Evaluation of the DAPC paper by Laurent
Excoffier on
the Faculty of 1000:
This paper elegantly combines a series of existing multivariate methods to detect the genetic structure of populations from genomic data. I found the validation of the methodology extremely convincing, as it shows that one can clearly recover very complex patterns and even hierarchical genetic structures.
The
authors propose the analysis of large genomic data sets by
combining
three model-free multivariate analysis techniques. The idea is
to
perform a discriminant analysis (DA) on genomic data, after the
main
axes of variation have been extracted by a principal component
(PC)
analysis, and genetic clusters of individuals have been
identified by a
sequential K-means and model selection method. The first use of
a PC
analysis solves two problems preventing the normal use of DA on
genomic
data. It reduces the number of genetic dimensions to a number
smaller
than that of the sampled individuals, and it ensures that
information
provided by each dimension is uncorrelated, thus removing
potential
effects of linkage disequilibrium. The Discriminant Analysis of
Principal Components (DAPC) is blazingly fast and allows one to
nicely
visualize the respective positions of clusters and individuals
in a
reduced number of dimensions. In a few simulated cases, the
resulting
clustering of the populations matched exactly the underlying
genetic
structure, even in complex cases with isolation by distance, or
when
there was a hierarchical structure of the clusters, which is
difficult
to recover by other multivariate analyses (see e.g. {1}).

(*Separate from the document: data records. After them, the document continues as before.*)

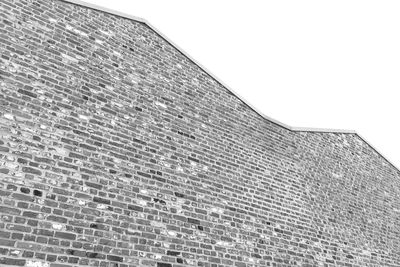 Low angle view of brick wall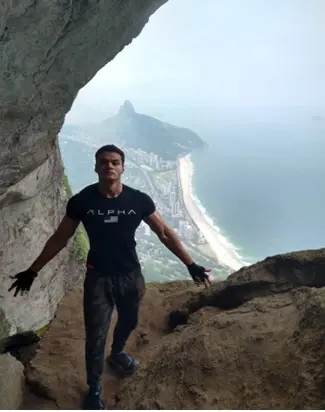 Homem em equilíbrio em caverna rochosa, mar ao fundo.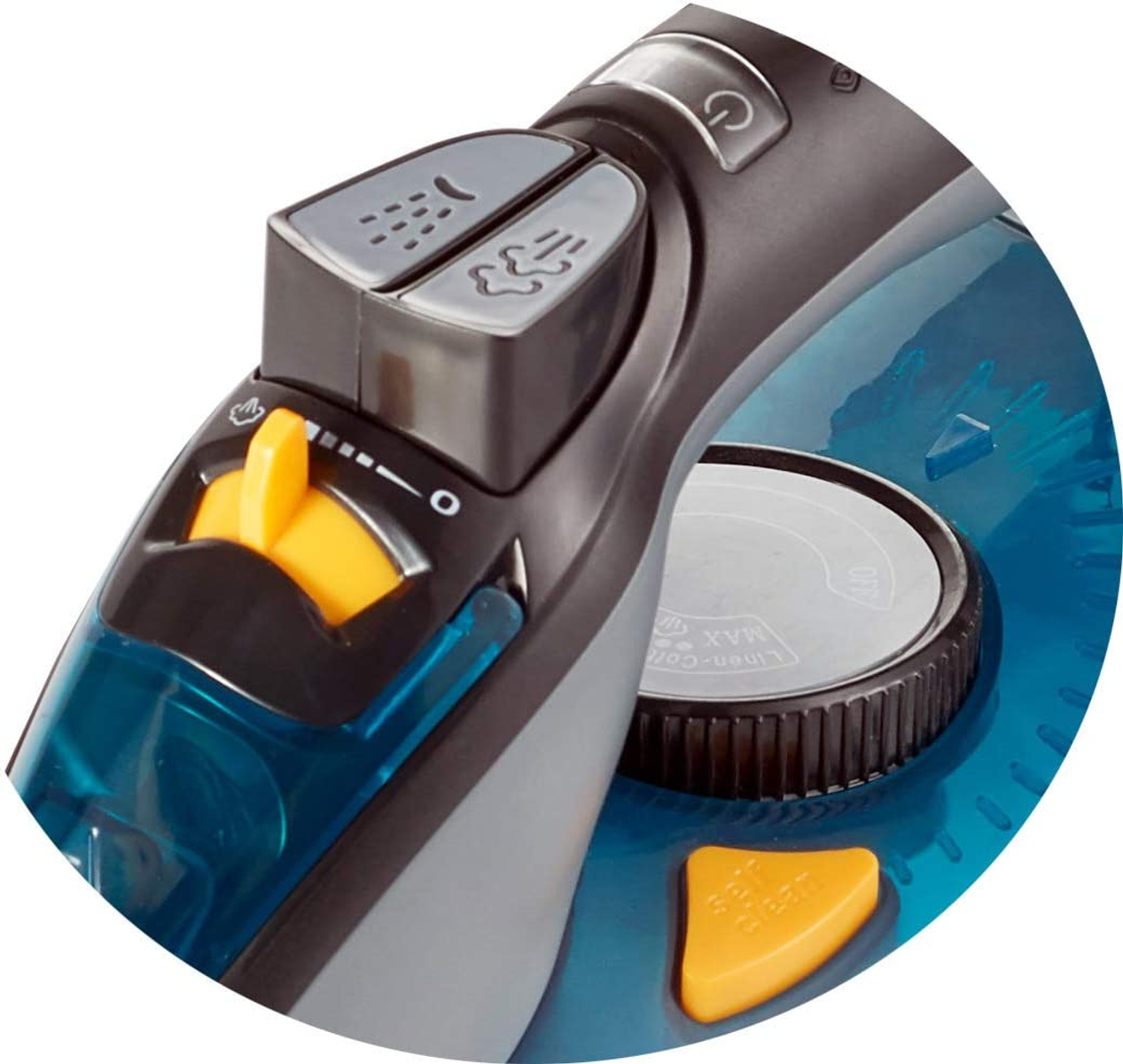 Zbliżenie elementów sterujących żelazka parowego. Żółte pokrętło, szare przyciski i niebieski zbiornik.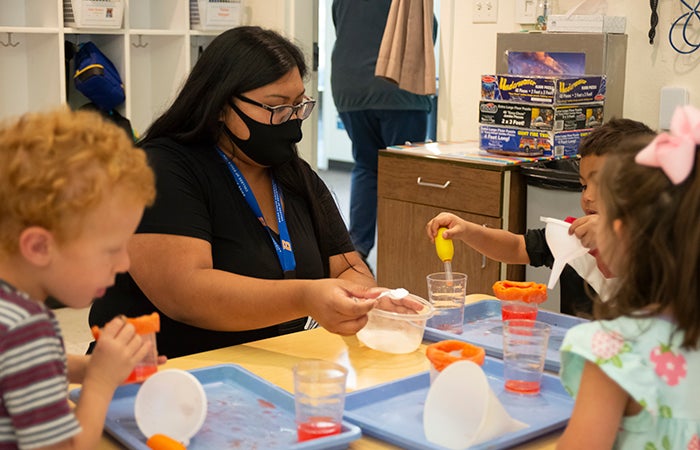 Teacher wearing facial covering working with children at a table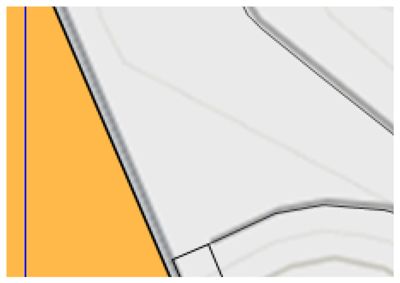 Et detaljutsnitt fra en situasjonsplan som viser tommeform, grenser (grå linjer) og et område markert med farge.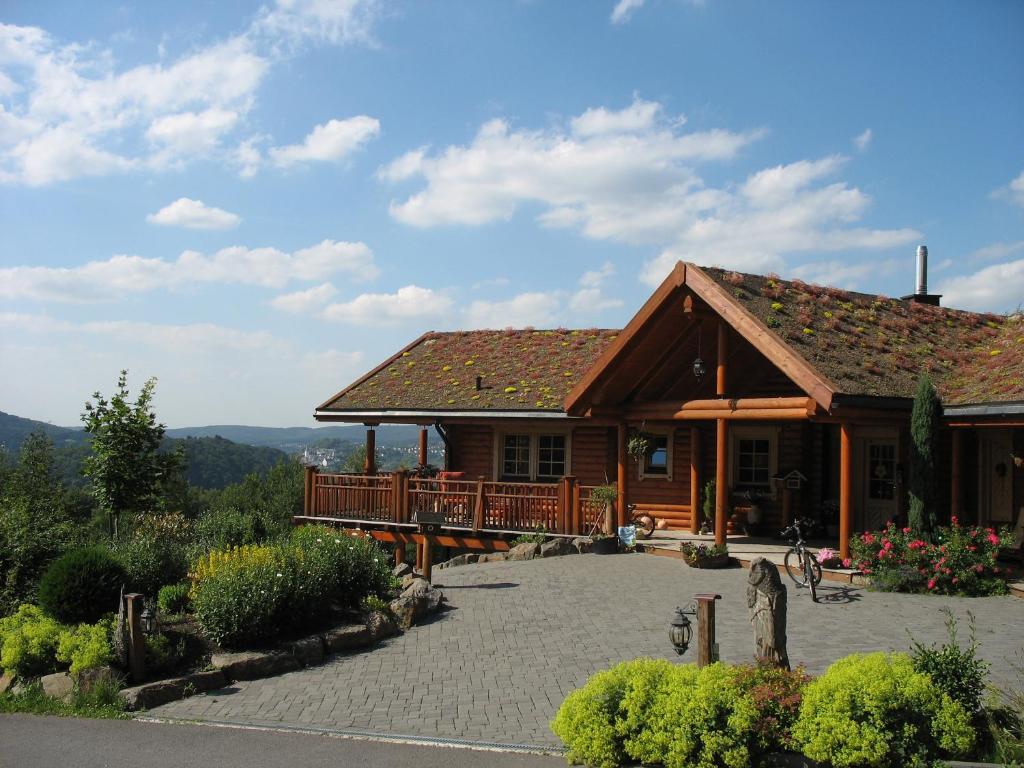 a large wooden house with a large patio at Hotelanlage Country Lodge in Arnsberg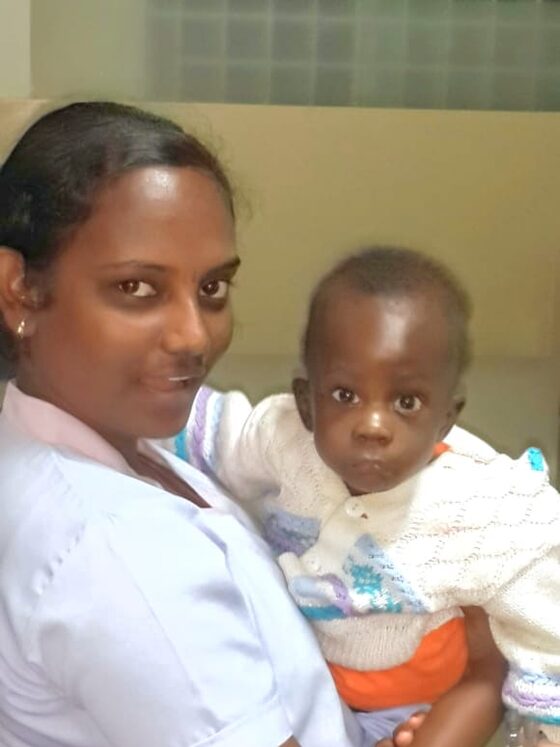 A nurse holds a young patient on the ward.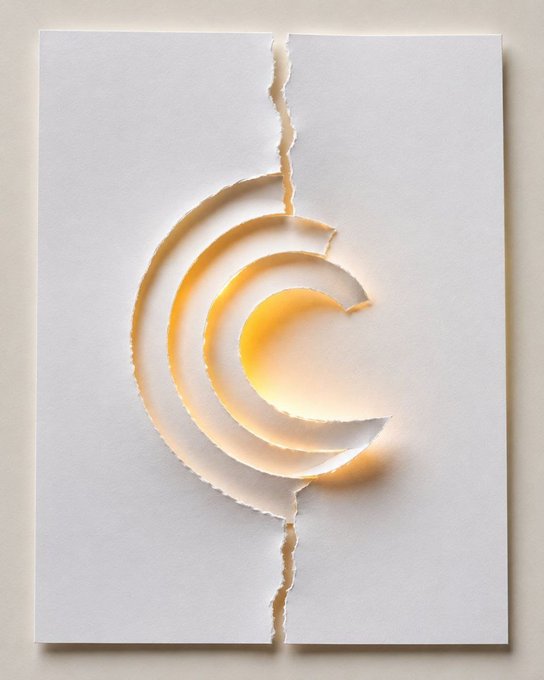 A minimalist white paper artwork featuring torn concentric circular shapes revealing warm golden-orange tones beneath, with a torn vertical line running through the center.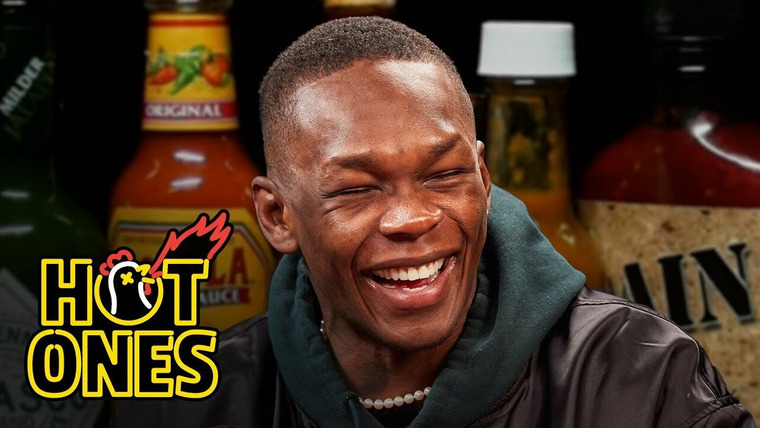 Hot Ones — s19e09 — Israel Adesanya Gives Thanks While Eating Spicy Wings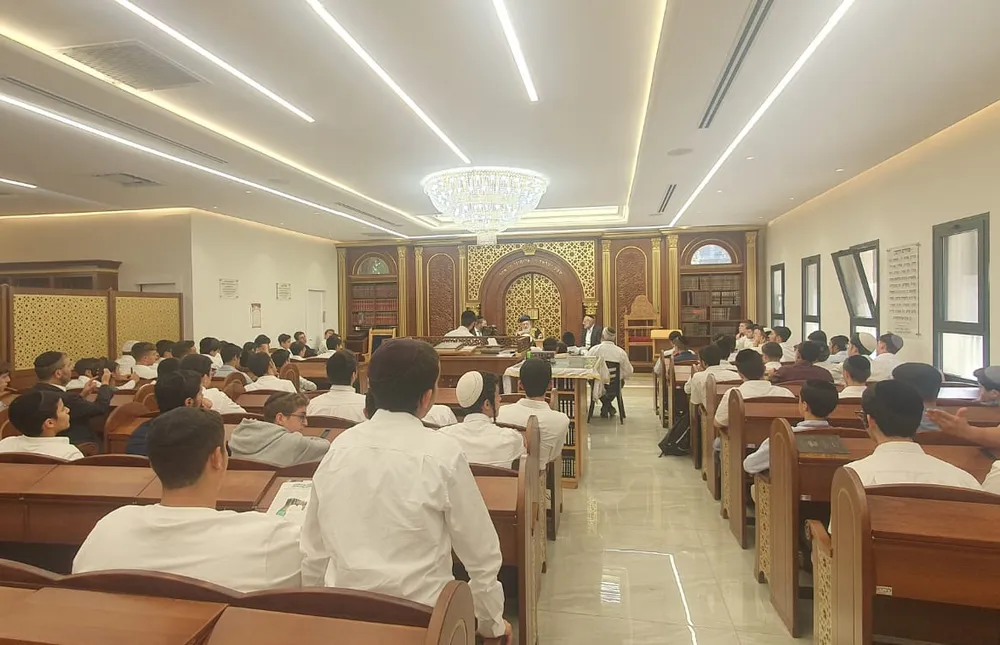 תלמידים מול ארון קודש מתחת לנברשת - המסע של אלול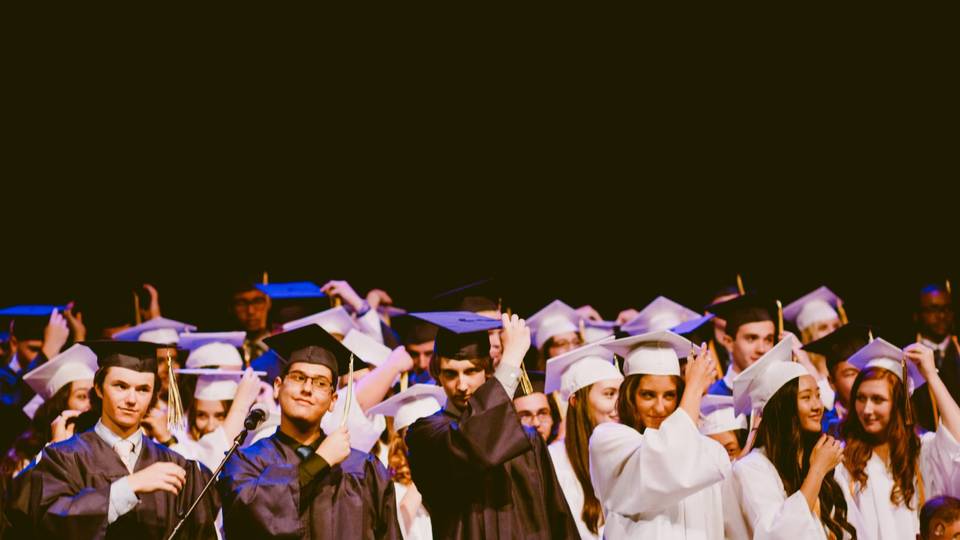 Graduates about to throw their heads in the air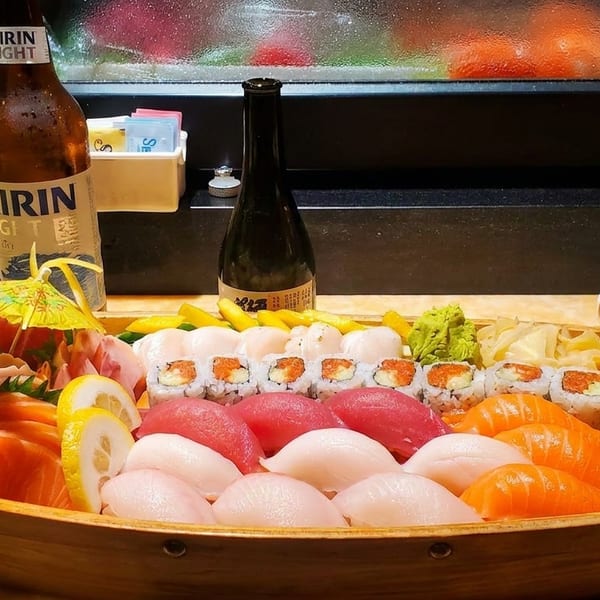 A large wooden boat filled with an assortment of sushi, sashimi, and rolls, with beer and sake.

Among a growing number of new multivariate techniques {1}, DAPC
seems
to be a very simple, robust, and useful tool for the finding and
the
visualization of clusters of individuals. When such clusters
make
little sense, like in admixture analysis for instance, a simple
PC
analysis may seem more appropriate {2}. While being a model-free
approach, DAPC efficiency in recovering true genetic structure
may be
due to the fact that principal components are actually related
to
demographic parameters via coalescence times {3}, making the
distinction between model-based and model-free approaches more
subtle
than previously anticipated.
References:
{1} Engelhardt and Stephens, PLoS Genet 2010, 6:e1001117 [PMID:20862358].
{2} Bryc et al. Proc Natl Acad Sci U S A 2010, 107(2):786-91 [PMID:20080753].
{3} McVean G. PLoS Genet 2009, 5:e1000686 [PMID:19834557].